The task
Omit every picture and output the rest of the records exactly as they are.

Dataset content
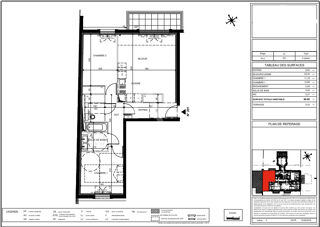  Appartement à vendre 3 pièces 67 m²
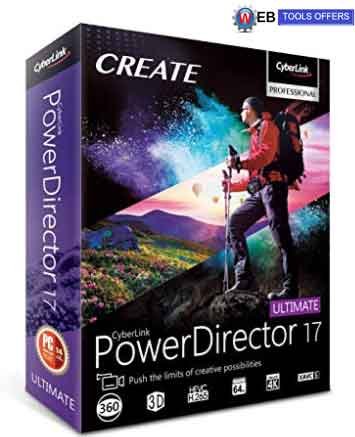 Power Director Discount Code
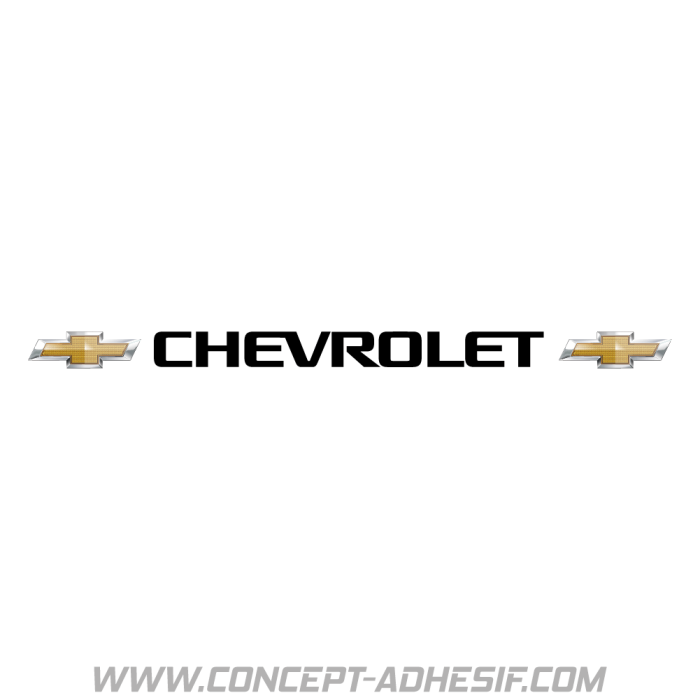 Logo Chevrolet 33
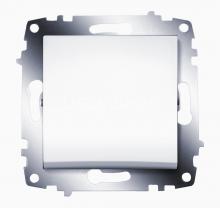 картинка Заглушка белая (кр упак 12шт) Cosmo от магазина Электротехника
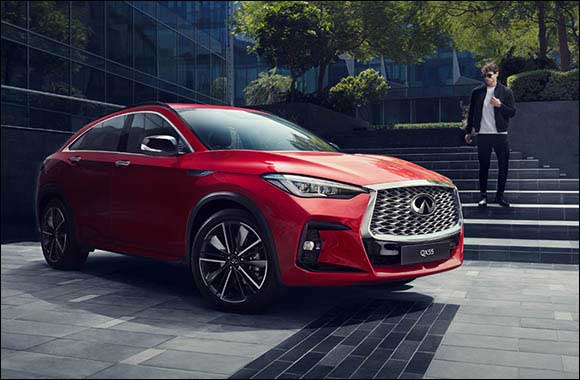 Blending Power and Performance: Arabian Automobiles INFINITI presents all-new INFINITI QX55
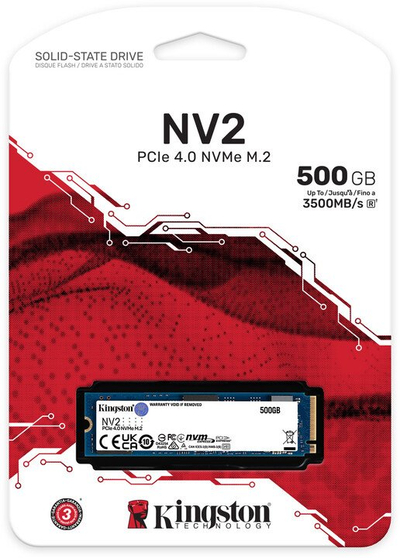 Disk SSD Kingston NV2, M.2 - 500GB
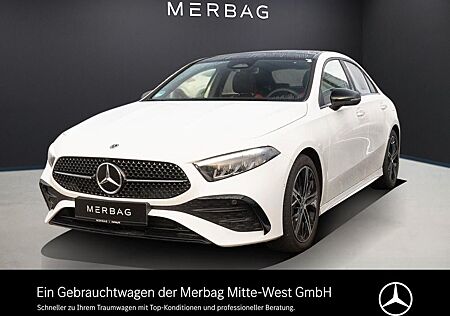 Mercedes-Benz A 220 d Limousine Pano SpurW W-Paket S-Sitz LED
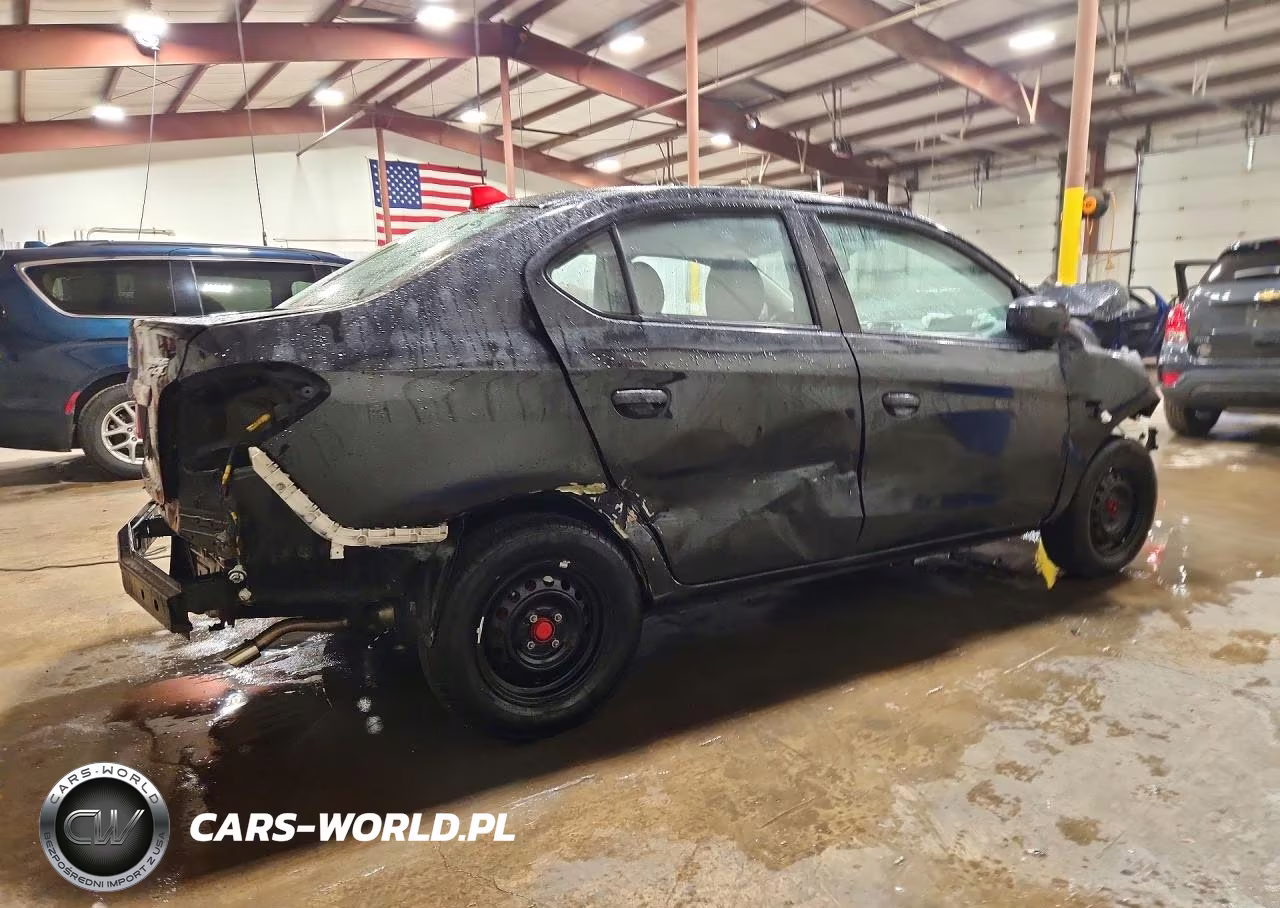 2017 Mitsubishi Mirage G4 Es VIN:ML32F3FJ9HHF06096 - 3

Solution to the problem
  Appartement à vendre 3 pièces 67 m²
 Power Director Discount Code
 Logo Chevrolet 33
 картинка Заглушка белая (кр упак 12шт) Cosmo от магазина Электротехника
 Blending Power and Performance: Arabian Automobiles INFINITI presents all-new INFINITI QX55
 Disk SSD Kingston NV2, M.2 - 500GB
 Mercedes-Benz A 220 d Limousine Pano SpurW W-Paket S-Sitz LED
 2017 Mitsubishi Mirage G4 Es VIN:ML32F3FJ9HHF06096 - 3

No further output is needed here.